One such is Robert Fliss:
‘The “intelligent, manipulative, gifted, and controversial” Commodore Sir Home Riggs Popham has cut a dash in several of your novels, including BETRAYAL.
I went back to my reading log and noted that I made this comment after finishing BETRAYAL:
“In an afterword, Stockwin promises more of Popham … Historic naval fiction being what it is, it makes sense to pair one’s hero with an inveterate risk-taker for a commander.”
One of the great pleasures of the Kydd series is the way you handle cameos from historical characters. For example, I thought your depiction of William Carr Beresford in BETRAYAL was dead-on. Not a dashing combat leader but a solid professional with fine organisational skills.

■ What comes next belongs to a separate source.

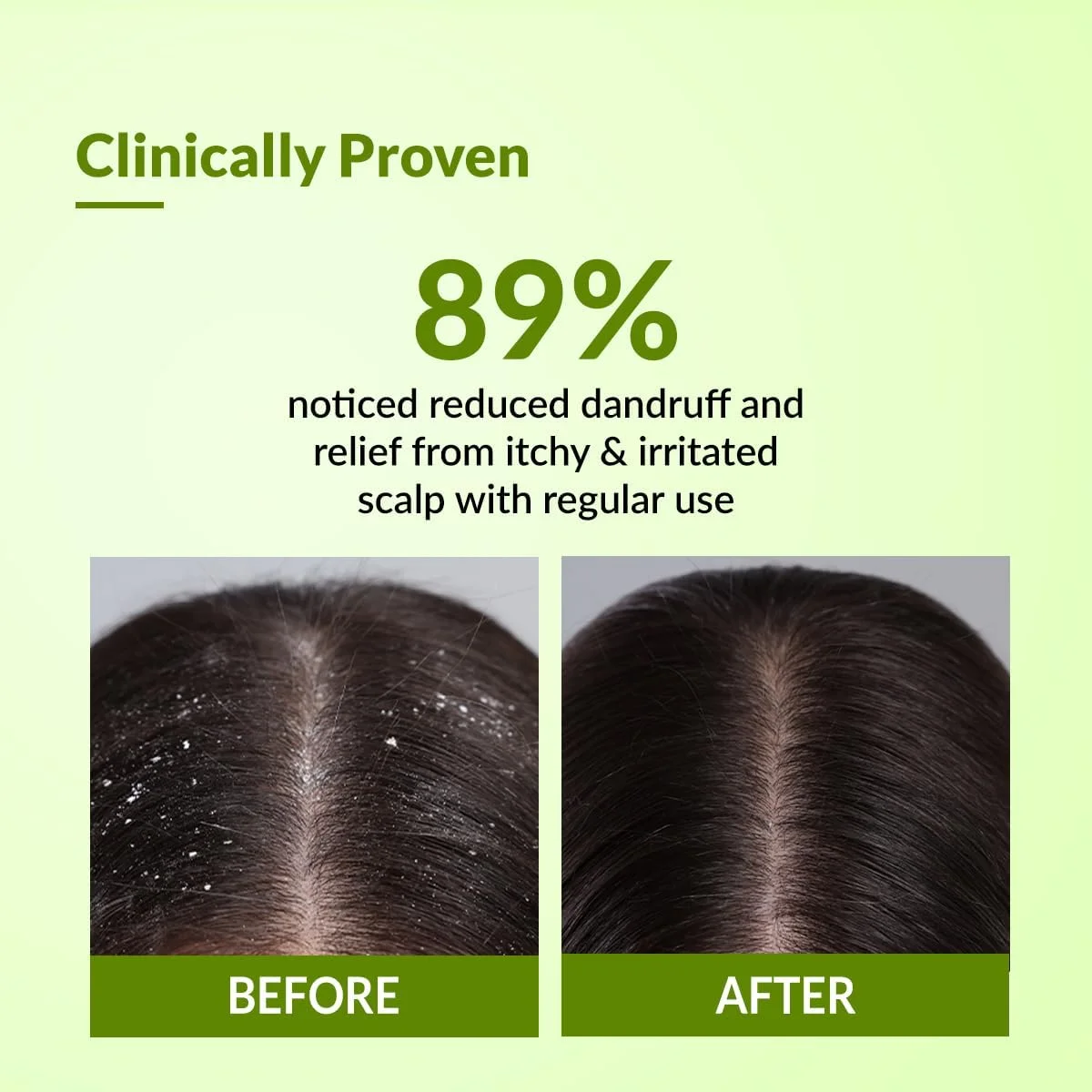 شامپو ضد شوره فیکسرما Kairfoll برای پوست سر چرب و حساس مستعد شوره و فولیکولیت | شامپو ضد شوره برای زنان و مردان | اسید سالیسیلیک برای ریزش مو | شامپو بدون سولفات - 100 میلی لیتر شامپو ضد شوره فیکسرما Kairfoll برای پوست سر چرب و حساس مستعد شوره و فولیکولیت | شامپو ضد شوره برای زنان و مردان | اسید سالیسیلیک برای ریزش مو | شامپو بدون سولفات - 100 میلی لیتر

Being a Yank, I also appreciated your portraits of the gruff but honest Thomas Truxtun in QUARTERDECK along with Robert Fulton in INVASION, suffering the frustration that inevitably goes along with genius.
But the best cameo of all may have been in VICTORY, when Kydd deduces that his promotion to command L’Aurore likely came through Nelson’s influence. Nelson was a great judge of talent, and though Kydd served under him only briefly, it seems in character that Nelson would be looking after him.
Rescuing the mercurial Commodore Popham from obscurity is a real tour-de-force. Ditto for Sidney Smith. I enjoyed the fact that Kydd gets to serve under these two senior officers whose undoubted professional competence was matched only by their propensity for rubbing some of their contemporaries the wrong way!
The surprise factor is essential in making historical cameos work. Along this line, I might mention Kydd’s brief encounter with Captain Charles Austen in INVASION.
But the best cameo of all may have been in VICTORY
A large share of the fun in historical fiction is matching your own knowledge against the author’s research. Certainly, standards of historical fidelity have risen, which I credit in large part to George Macdonald Fraser. Bernard Cornwell is a worthy successor.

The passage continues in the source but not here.